EXERCISE GOAL ▸ Give the entries again, exactly as they stand.
[Opening PROVIDED DATA section]
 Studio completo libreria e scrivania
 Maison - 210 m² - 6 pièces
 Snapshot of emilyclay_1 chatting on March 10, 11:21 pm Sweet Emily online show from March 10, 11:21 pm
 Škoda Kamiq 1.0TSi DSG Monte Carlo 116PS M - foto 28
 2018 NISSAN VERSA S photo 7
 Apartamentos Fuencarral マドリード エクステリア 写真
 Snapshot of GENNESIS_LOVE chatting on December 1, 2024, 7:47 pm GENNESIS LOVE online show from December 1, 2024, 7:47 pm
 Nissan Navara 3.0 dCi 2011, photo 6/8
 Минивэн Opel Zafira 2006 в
[Closing PROVIDED DATA section]
WRITTEN ANSWER ▸
 Studio completo libreria e scrivania
 Maison - 210 m² - 6 pièces
 Snapshot of emilyclay_1 chatting on March 10, 11:21 pm Sweet Emily online show from March 10, 11:21 pm
 Škoda Kamiq 1.0TSi DSG Monte Carlo 116PS M - foto 28
 2018 NISSAN VERSA S photo 7
 Apartamentos Fuencarral マドリード エクステリア 写真
 Snapshot of GENNESIS_LOVE chatting on December 1, 2024, 7:47 pm GENNESIS LOVE online show from December 1, 2024, 7:47 pm
 Nissan Navara 3.0 dCi 2011, photo 6/8
 Минивэн Opel Zafira 2006 в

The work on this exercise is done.